Mi nombre es Estela, ¿me escuchan? Dije: Es-te-la-Gar-cí-a.
No sé si estarán grabando o tomando notas o si en realidad no hay nadie al otro lado, pero si me oyen, si están ahí, les quiero proponer un trato: voy a contarles una historia y cuando llegue al final, cuando me calle, ustedes me permiten salir de aquí.
¿Aló? ¿Nada?
Tomaré su silencio como un sí.
Esta historia tiene varios comienzos. Me atrevería incluso a decir que está hecha de comienzos. Pero díganme ustedes qué es un comienzo. Explíquenme, por ejemplo, si la noche viene antes o después que el día, si despertamos tras dormir o dormimos porque hemos despertado. O mejor, para no exasperarlos con mis rodeos, indíquenme dónde empieza un árbol: si en la semilla o en el fruto que antes envolvía a esa semilla. O tal vez en la rama de la que germinó la flor que más tarde fue ese fruto. O en la propia flor, ¿me siguen? Nada es tan sencillo como parece.
Algo similar ocurre con las causas, son tan confusas como los inicios. Las causas de mi sed, de mi hambre. Las causas de este encierro. Una causa empuja a la otra, un naipe se derrumba sobre el siguiente. Lo único cierto es el desenlace: al final nada queda en pie. Y el desenlace de esta historia es el siguiente, ¿de verdad quieren saber?
La niña muere.
¿Aló? ¿Ni una sola reacción?
Mejor lo repito, por si justo una mosca les zumbó al oído o los distrajo una idea más aguda o más estridente que mi voz:
La niña muere, ¿ahora escucharon? La niña muere y continúa muerta sin importar dónde yo empiece.
Pero la muerte tampoco es tan simple, en eso sí estaremos de acuerdo. Sucede con ella algo similar a lo que ocurre con el largo y ancho de una sombra. Cambia de persona en persona, de animal en animal, de árbol en árbol. No hay dos sombras idénticas sobre la superficie de la tierra y tampoco dos muertes iguales.
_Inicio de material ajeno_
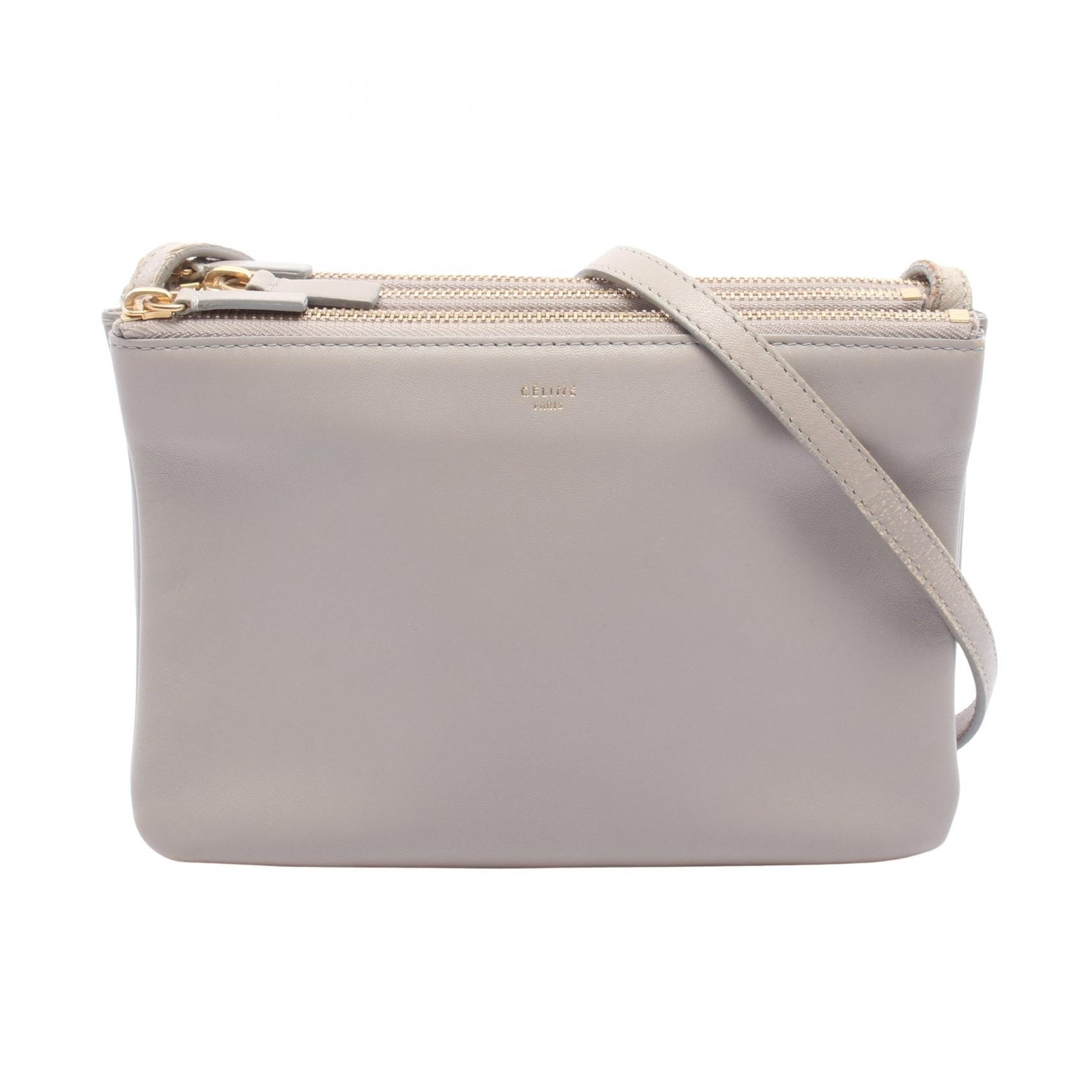 セリーヌ CELINE TRIO SMALL トリオ スモール ショルダーバッグ バッグ レザー レディース グレー系 【中古】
Cada cordero, cada araña, cada chincol muere a su manera.
Tomemos el caso de los conejos... No se impacienten, es importante. ¿Han tenido alguna vez un conejo entre sus manos? Es como sostener una granada, una suave bomba de tiempo. Tic tac, tic tac, tic tac, tic tac. Es el único animal que con frecuencia muere de miedo. Basta el aroma de un zorro, la lejana sospecha de una culebra para que su corazón dé un respingo y sus pupilas se dilaten. La adrenalina, entonces, le da un martillazo al corazón y el conejo muere antes de que los colmillos se hundan en su pescuezo. Lo asesina el miedo, ¿entienden? Lo mata la pura anticipación. En una fracción de segundo el conejo intuye que va a morir, vislumbra cómo y cuándo. Y esa certeza, la de su propio fin, lo condena a muerte.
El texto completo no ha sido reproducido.